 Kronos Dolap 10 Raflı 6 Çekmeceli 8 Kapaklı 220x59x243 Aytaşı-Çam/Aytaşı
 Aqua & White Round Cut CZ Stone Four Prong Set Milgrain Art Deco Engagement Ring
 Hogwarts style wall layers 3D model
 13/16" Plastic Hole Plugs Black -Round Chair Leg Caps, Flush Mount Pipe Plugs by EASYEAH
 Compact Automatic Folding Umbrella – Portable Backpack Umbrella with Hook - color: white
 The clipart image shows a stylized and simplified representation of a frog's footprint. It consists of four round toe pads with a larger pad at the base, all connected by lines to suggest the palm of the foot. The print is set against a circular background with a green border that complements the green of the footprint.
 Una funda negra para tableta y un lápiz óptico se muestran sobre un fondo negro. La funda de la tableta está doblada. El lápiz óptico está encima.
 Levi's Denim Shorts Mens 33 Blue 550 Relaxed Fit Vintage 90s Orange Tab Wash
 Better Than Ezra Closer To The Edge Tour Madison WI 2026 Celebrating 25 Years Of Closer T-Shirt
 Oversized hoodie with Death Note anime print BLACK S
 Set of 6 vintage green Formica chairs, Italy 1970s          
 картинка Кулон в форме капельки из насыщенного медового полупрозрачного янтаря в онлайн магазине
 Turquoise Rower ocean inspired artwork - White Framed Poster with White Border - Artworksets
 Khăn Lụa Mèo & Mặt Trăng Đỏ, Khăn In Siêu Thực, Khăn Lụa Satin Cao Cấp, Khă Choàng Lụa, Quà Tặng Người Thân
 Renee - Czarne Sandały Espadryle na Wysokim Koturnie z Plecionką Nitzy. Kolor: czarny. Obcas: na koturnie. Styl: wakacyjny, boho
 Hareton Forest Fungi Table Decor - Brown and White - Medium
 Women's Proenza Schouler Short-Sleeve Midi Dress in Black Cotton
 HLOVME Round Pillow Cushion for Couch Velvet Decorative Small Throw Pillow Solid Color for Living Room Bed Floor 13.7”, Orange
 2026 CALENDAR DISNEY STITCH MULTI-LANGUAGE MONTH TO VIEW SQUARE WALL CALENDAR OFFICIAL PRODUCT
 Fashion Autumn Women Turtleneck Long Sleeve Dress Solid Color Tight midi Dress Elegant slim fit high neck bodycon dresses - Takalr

→ **EXERCISE INSTRUCTIONS**
Give again exactly, and only, the lines above starting at the one with "Better Than Ezra" and ending at the one with "Set of 6 vintage".

→ **RESPONSE BOX**
 Better Than Ezra Closer To The Edge Tour Madison WI 2026 Celebrating 25 Years Of Closer T-Shirt
 Oversized hoodie with Death Note anime print BLACK S
 Set of 6 vintage green Formica chairs, Italy 1970s          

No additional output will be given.